The Five Senses: Touch

The Five Senses

Touch: The physiological sense by which external objects or forces are perceived through contact with the body (Www.Thefreedictionary.Com, p. touch).

Touch is a perception resulting from activation of neural receptors, generally in the skin including hair follicles, but also in the tongue, throat, and mucosa (Http://en.Wikipedia.Org/Wiki/, p. Somatosensory_system).

Our sense of touch is controlled by a huge network of nerve endings and touch receptors in the skin known as the somatosensory system. It is a diverse sensory system composed of the receptors and processing centers to produce the sensory modalities such as touch, temperature, proprioception (body position), and nociception (pain). The sensory receptors cover the skin and epithelia, skeletal muscles, bones and joints, internal organs, and the cardiovascular system. While touch is considered one of the five traditional senses, the impression of touch is formed from several modalities.

Anatomy of Touch

The somatosensory system is responsible for all the sensations we feel - cold, hot, smooth, rough, pressure, tickle, itch, pain, vibrations, and more. Within the somatosensory system, there are four main types of receptors: mechanoreceptors, thermoreceptors, pain receptors, and proprioceptors (Http://Www.Hometrainingtools.Com/Skin-Touch/a/1388/).

Mechanoreceptors perceive sensations such as pressure, vibrations, and texture. There are four known types of mechanoreceptors whose only function is to perceive indentions and vibrations of the skin: Merkel's disks, Meissner's corpuscles, Ruffini's corpuscles, and Pacinian corpuscles.

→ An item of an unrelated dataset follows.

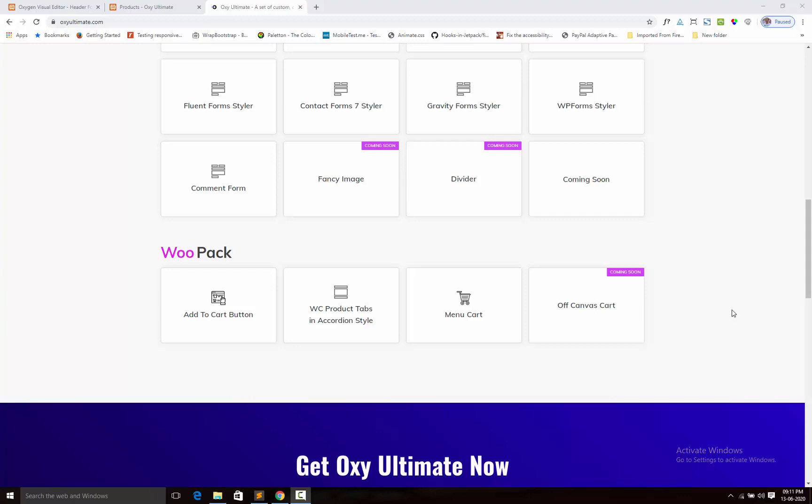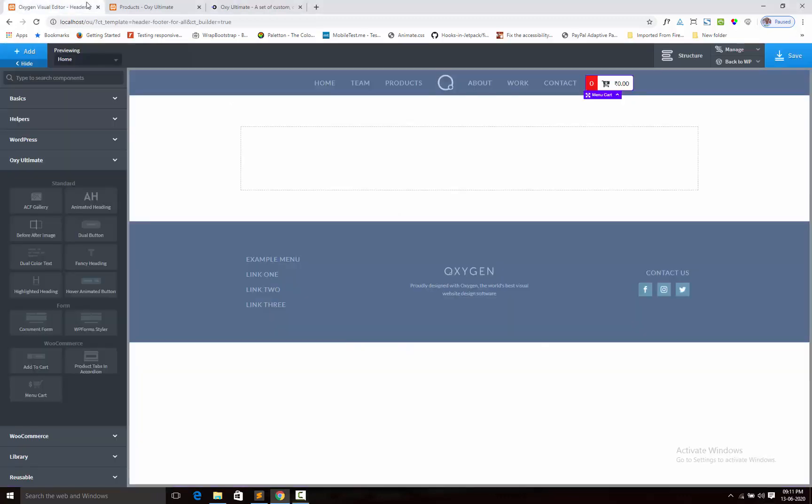Hi guys, this is Jinmai from AXI Ultimate. In this video, I shall give a short demo about the menu cart component. This component only activates when you have the WooCommerce plugin.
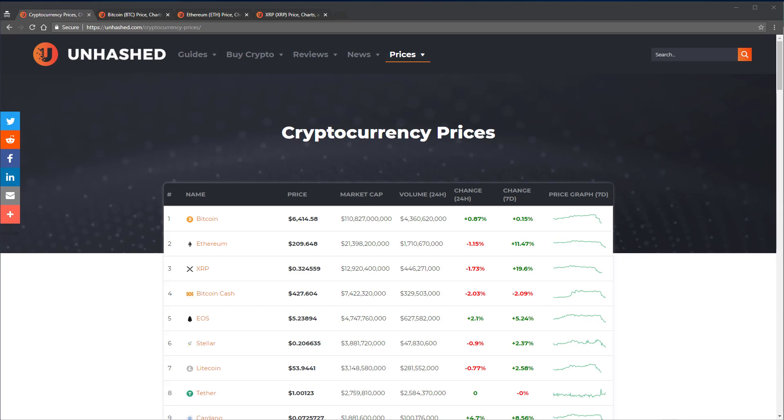For example, Bitcoin has the largest market cap, so it is therefore referred to as the world's largest cryptocurrency. Ethereum and Ripple XRP follow Bitcoin in rankings based off of their market caps.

The most sensitive mechanoreceptors, Merkel's disks and Meissner's corpuscles, are found in the very top layers of the dermis and epidermis and are generally found in non-hairy skin such as the palms, lips, tongue, soles of feet, fingertips, eyelids, and the face. Merkel's disks are slowly adapting receptors and Meissner's corpuscles are rapidly adapting receptors so the skin can perceive both when we are touching something and how long the object is touching the skin. Our brain gets an enormous amount of information about the texture of objects through our fingertips because the ridges that make up our fingerprints are full of these sensitive mechanoreceptors.

Located deeper in the dermis and along joints, tendons, and muscles are Ruffini's corpuscles and Pacinian corpuscles. These mechanoreceptors can feel sensations such as vibrations traveling down bones and tendons, rotational movement of limbs, and the stretching of skin. This greatly aids our ability to do physical activities such as walking and playing ball.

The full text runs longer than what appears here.